Re: [RFC PATCH] printk: Introduce "store now but print later" prefix.

From: Tetsuo Handa <penguin-kernel@i-love.sakura.ne.jp>
To: Petr Mladek <pmladek@suse.com>
Cc: Sergey Senozhatsky <sergey.senozhatsky.work@gmail.com>,
	Sergey Senozhatsky <sergey.senozhatsky@gmail.com>,
	Steven Rostedt <rostedt@goodmis.org>,
	John Ogness <john.ogness@linutronix.de>,
	Andrew Morton <akpm@linux-foundation.org>,
	Linus Torvalds <torvalds@linux-foundation.org>,
	linux-kernel@vger.kernel.org
Subject: Re: [RFC PATCH] printk: Introduce "store now but print later" prefix.
Date: Tue, 05 Mar 2019 10:23:03 +0900	[thread overview]
Message-ID: <201903050123.x251N312025685@www262.sakura.ne.jp> (raw)
In-Reply-To: <20190304142339.mfno5mmjxxsrf47q@pathway.suse.cz>

Petr Mladek wrote:
> On Mon 2019-03-04 20:40:37, Tetsuo Handa wrote:
> > On 2019/03/04 12:22, Sergey Senozhatsky wrote:
> > > On (02/23/19 13:42), Tetsuo Handa wrote:
> > > [..]
> > >> This patch tries to address "don't lockup the system" with minimal risk of
> > >> failing to "print out printk() messages", by allowing printk() callers to
> > >> tell printk() "store $body_text_lines lines into logbuf but start actual
> > >> printing after $trailer_text_line line is stored into logbuf". This patch
> > >> is different from existing printk_deferred(), for printk_deferred() is
> > >> intended for scheduler/timekeeping use only.
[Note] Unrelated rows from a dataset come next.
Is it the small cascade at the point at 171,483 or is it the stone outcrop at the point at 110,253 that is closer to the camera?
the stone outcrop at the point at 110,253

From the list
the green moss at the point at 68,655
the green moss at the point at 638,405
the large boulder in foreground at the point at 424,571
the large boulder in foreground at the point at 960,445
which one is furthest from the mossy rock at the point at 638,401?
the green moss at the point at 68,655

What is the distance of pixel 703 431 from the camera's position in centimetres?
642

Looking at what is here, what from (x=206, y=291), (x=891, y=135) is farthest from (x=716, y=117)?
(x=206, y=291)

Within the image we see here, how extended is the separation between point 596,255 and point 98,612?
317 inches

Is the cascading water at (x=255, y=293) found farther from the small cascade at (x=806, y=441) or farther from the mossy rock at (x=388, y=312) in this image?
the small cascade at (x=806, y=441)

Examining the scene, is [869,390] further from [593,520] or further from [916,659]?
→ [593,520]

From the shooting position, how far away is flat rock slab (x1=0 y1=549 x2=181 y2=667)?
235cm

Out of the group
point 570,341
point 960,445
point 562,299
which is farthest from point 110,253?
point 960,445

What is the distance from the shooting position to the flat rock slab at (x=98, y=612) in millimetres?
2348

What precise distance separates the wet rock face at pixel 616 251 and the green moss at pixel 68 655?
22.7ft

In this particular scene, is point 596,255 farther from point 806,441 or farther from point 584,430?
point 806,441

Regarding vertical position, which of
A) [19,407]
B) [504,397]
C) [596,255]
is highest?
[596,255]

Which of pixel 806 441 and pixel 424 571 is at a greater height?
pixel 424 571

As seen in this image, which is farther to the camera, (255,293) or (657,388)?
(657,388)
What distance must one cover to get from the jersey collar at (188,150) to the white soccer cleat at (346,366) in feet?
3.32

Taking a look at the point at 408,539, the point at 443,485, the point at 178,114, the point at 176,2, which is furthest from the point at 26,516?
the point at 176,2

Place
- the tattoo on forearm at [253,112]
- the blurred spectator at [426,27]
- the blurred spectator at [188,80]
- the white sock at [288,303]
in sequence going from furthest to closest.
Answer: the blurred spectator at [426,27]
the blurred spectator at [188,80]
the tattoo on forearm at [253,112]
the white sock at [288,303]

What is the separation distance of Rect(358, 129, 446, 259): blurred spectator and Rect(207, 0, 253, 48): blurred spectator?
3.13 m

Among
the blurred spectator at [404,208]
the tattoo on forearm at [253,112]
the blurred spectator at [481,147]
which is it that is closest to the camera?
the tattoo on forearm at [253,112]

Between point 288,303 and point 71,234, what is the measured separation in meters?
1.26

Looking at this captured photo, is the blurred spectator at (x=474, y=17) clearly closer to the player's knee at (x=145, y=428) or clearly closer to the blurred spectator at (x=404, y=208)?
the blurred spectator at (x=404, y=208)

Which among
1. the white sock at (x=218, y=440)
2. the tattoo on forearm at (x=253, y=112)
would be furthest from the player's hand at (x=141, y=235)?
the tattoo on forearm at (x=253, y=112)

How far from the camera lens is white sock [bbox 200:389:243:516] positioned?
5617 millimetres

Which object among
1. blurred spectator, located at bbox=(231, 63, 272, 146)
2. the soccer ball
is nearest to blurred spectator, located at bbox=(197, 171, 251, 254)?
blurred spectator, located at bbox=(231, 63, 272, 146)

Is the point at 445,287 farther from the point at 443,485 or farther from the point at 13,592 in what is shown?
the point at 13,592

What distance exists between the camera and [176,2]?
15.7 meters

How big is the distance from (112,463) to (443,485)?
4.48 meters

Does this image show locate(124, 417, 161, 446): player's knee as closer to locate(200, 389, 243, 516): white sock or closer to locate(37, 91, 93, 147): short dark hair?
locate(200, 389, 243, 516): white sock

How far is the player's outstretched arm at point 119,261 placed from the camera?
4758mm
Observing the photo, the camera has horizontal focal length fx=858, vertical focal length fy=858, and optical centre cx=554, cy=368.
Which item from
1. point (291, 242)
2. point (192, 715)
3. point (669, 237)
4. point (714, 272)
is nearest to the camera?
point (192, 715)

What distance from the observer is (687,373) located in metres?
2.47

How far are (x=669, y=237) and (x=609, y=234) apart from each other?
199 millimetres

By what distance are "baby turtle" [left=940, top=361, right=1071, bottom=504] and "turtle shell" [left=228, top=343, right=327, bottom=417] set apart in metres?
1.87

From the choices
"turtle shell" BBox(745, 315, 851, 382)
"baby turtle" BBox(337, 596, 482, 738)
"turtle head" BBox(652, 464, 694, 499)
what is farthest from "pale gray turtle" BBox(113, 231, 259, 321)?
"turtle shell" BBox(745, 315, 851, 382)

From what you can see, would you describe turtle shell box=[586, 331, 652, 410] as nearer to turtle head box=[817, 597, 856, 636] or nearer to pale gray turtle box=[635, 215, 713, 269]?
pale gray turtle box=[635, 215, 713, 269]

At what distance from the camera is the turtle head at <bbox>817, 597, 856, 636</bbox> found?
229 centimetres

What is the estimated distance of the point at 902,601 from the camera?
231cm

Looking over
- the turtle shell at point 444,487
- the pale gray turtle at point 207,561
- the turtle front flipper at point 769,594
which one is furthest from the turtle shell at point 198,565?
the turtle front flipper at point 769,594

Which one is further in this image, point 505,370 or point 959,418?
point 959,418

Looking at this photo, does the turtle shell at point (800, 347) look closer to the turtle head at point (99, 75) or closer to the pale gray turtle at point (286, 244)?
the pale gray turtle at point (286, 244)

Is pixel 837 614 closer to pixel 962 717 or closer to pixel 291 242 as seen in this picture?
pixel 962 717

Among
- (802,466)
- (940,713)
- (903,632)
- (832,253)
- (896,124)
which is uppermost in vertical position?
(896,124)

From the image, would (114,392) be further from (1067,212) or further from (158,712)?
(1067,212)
Moreover, what this patch
> > >> wants to do is "do not try to print out printk() messages as soon as
> > >> possible", for accumulated stalling period cannot be decreased if
> > >> printk_deferred() from e.g. dump_tasks() from out_of_memory() immediately
> > >> prints out the messages. The point of this patch is to defer the stalling
> > >> duration to after leaving the critical section.
> > > 
> > > We can export printk deferred, I guess; but I'm not sure if it's going
> > > to be easy to switch OOM to printk_deferred - there are lots of direct
> > > printk callers: warn-s, dump_stacks, etc; it might even be simpler to
> > > start re-directing OOM printouts to printk_safe buffer.
> 
> Exactly. OOM calls many functions that are called also in other situations.
> The async messages are not pushed to the console unless someone calls
> a non-async printk.
> 
> How do you want to guarantee that the non-async printk will get called
> in all situations? The async printk() API is too error-prone.
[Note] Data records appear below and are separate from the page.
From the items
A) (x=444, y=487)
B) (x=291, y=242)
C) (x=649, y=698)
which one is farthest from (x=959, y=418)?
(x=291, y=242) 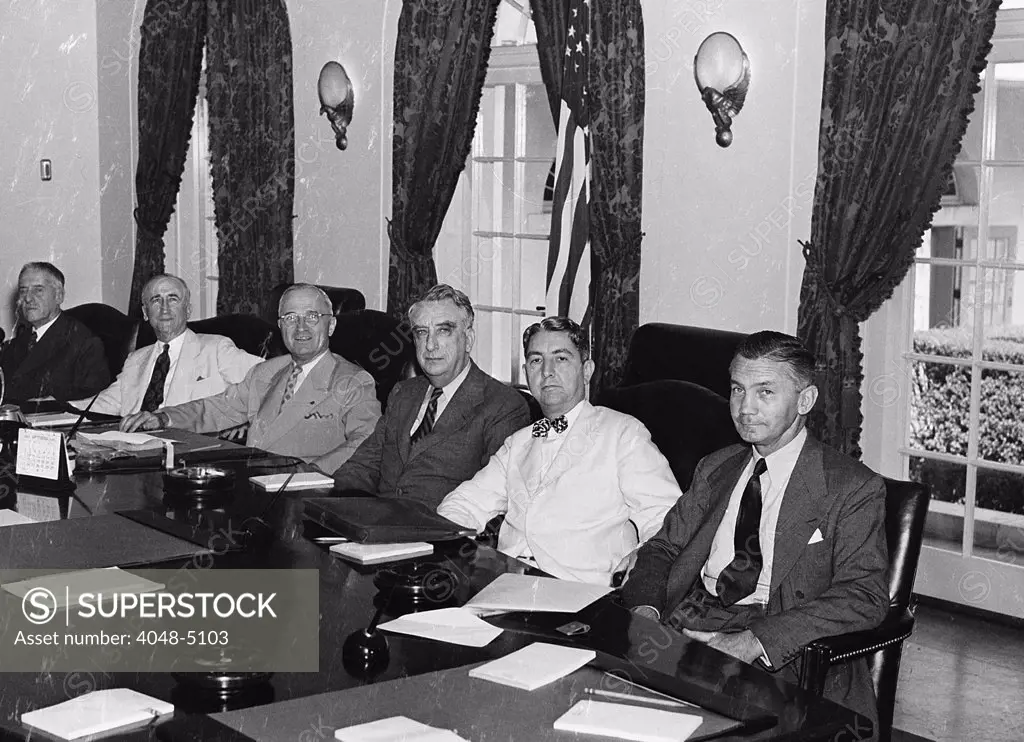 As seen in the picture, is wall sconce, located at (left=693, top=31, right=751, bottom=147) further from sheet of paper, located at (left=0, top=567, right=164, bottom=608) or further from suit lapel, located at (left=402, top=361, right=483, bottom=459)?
sheet of paper, located at (left=0, top=567, right=164, bottom=608)

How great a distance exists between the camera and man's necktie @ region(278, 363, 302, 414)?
4.91 meters

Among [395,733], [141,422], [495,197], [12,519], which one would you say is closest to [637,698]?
[395,733]

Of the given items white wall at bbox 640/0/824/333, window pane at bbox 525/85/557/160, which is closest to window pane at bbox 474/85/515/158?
window pane at bbox 525/85/557/160

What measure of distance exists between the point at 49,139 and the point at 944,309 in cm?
653

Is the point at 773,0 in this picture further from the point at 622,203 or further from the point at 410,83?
the point at 410,83

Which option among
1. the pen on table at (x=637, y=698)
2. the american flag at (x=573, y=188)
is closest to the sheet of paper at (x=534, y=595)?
the pen on table at (x=637, y=698)

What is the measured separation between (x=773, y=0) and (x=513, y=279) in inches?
84.5

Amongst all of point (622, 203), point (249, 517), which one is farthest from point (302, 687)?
point (622, 203)

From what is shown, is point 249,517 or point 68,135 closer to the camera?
point 249,517

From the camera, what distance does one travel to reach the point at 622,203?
19.4ft

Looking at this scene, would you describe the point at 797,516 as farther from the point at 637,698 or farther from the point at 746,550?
the point at 637,698

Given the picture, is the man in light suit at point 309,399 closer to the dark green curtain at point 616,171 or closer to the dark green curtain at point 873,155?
the dark green curtain at point 616,171

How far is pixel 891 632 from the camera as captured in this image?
2.80 m

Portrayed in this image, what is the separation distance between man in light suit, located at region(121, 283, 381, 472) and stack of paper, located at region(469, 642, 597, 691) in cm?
239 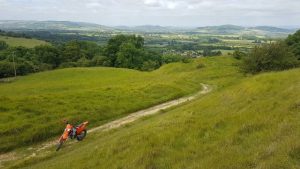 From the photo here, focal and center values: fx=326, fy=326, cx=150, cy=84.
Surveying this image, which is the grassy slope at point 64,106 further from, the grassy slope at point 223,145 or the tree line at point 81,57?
the tree line at point 81,57

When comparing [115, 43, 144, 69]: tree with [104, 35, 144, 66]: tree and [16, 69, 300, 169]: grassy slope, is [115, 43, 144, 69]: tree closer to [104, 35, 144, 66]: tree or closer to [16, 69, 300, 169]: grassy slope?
[104, 35, 144, 66]: tree

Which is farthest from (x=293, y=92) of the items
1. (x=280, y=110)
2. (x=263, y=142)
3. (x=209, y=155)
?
(x=209, y=155)

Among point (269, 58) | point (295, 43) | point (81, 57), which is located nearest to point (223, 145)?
point (269, 58)

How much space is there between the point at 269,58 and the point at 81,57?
8862 centimetres

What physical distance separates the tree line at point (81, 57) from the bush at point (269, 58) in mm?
45370

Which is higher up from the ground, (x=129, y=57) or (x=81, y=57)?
(x=129, y=57)

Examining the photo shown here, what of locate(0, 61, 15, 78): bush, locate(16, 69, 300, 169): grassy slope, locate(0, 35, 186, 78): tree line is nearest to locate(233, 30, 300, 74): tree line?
locate(16, 69, 300, 169): grassy slope

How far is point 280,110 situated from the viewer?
49.0 feet

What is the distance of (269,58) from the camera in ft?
138

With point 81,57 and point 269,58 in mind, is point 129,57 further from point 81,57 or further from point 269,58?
point 269,58

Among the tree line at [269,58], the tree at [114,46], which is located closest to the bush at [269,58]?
the tree line at [269,58]

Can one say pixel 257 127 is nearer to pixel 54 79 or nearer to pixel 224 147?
pixel 224 147

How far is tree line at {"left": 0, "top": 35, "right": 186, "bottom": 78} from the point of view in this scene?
94438 millimetres

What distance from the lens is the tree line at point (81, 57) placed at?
94438 mm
I'm suggesting to use a non-async printk() for $trailer_text_line line. I think
that changing all printk() called from out_of_memory() to async is doable, if
the caller of out_of_memory() wakes up a dedicated kthread described below.

> 
> 
> > I confirmed that printk_deferred() is not suitable for this purpose, for
> > it suddenly stalls for seconds at random locations flushing pending output
> > accumulated by printk_deferred(). Stalling inside critical section (e.g.
> > RCU read lock held) is what I don't like.
> 
> I still do not see why your async printk should be significantly
> better than printk_deferred(). There is still a random victim
> that would be responsible to flush the messages.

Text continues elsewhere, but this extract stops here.